A player’s legacy is not always defined by championships, longevity, or even individual accolades. Every so often, someone comes along who revolutionizes a certain aspect of the game and influences an entire generation of players. During the late ’90s and early 2000s, Vince Carter embarked on a crusade that set the gold standard for dunking. In the mid-’90s, it was a little-known player from New York City who was responsible for transforming the art of modern ball handling.
His Christian name (pun partially intended) is God Shammgod. As a McDonald’s All-American, he played alongside Metta World Peace (then Ron Artest) at La Salle Academy in Manhattan and then at Providence College for two seasons before being drafted by the Washington Wizards with the 46th overall pick in the 1997 NBA Draft. After a brief and unremarkable tenure in the NBA, Shammgod went on to play professionally, both at home and abroad, but has since vanished into relative obscurity.
So why is it that his name still resonates in many NBA circles among both current and former players? The answer is twofold: (1) whenever the argument comes up about the best ball handlers in the history of the game, as it did during an episode of NBATV’s Open Court last season, Shammgod’s name is inevitably mentioned among the ranks, and (2) the signature move that bears his name, i.e. “the Shammgod,” is routinely on display in today’s NBA by players like Chris Paul, Kyrie Irving, and countless others.

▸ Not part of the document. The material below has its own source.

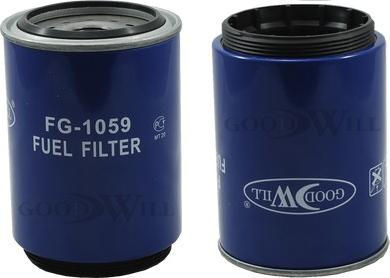 GoodWill FG 1059 - Топливный фильтр autodif.ru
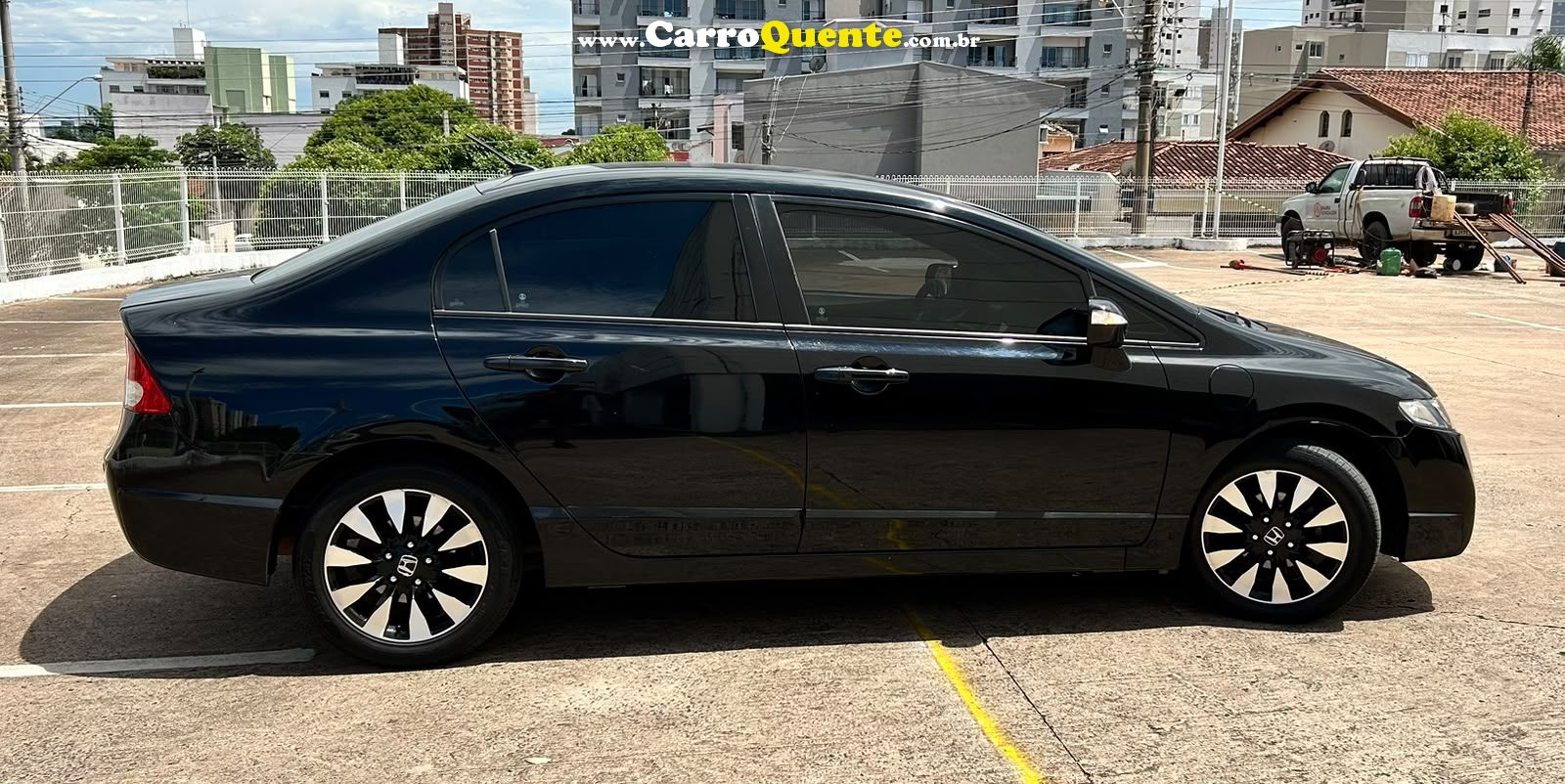 HONDA CIVIC 1.8 LXL 16V 2011 - Loja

Any point guard worth his salt has “the Shammgod” in his repertoire. It’s something of a rite of passage, particularly among streeball players from New York City. It’s also an homage to Shammgod himself, a knowing wink among players who have achieved a certain level of mastery of their craft. It’s the type of streetball move that, when executed correctly, can be effective during the ordinary ebb and flow of an NBA game and at the same time elicit the types of crowd reactions that all players secretly covet.
It should be noted that the precise origins of this move are the subject of some controversy. For instance, there are those who trace its lineage to a pair of obscure European players who frequently trotted out a remarkably similar move during the ’80s and ’90s (see video), but without question, it was Shammgod who popularized the move in America and added his own bit of panache to it. When a player like Manu Ginobili or Danilo Gallinari uses it, there’s something unmistakably European about its utility. It appears stripped down and subtle to the point of being virtually imperceptible, which by no means detracts from its effectiveness (quite the opposite in fact), but when Shammgod, Tyreke Evans, or Brandon Jennings break it out, it’s usually accompanied by a little shimmy designed to distract the defender and add an extra layer to its overall aesthetic appeal.
Shammgod is also credited with teaching a young Kobe Bryant how to do the Crossover version 2.0 that Allen Iverson used to such devastating effect during the late ’90s. Today, he is an assistant coach at Providence College and works one-on-one with NBA players on the side to help them improve their ball handling, and whether he’s influencing players directly or by virtue of reputation, Shammgod’s presence can be felt all around us.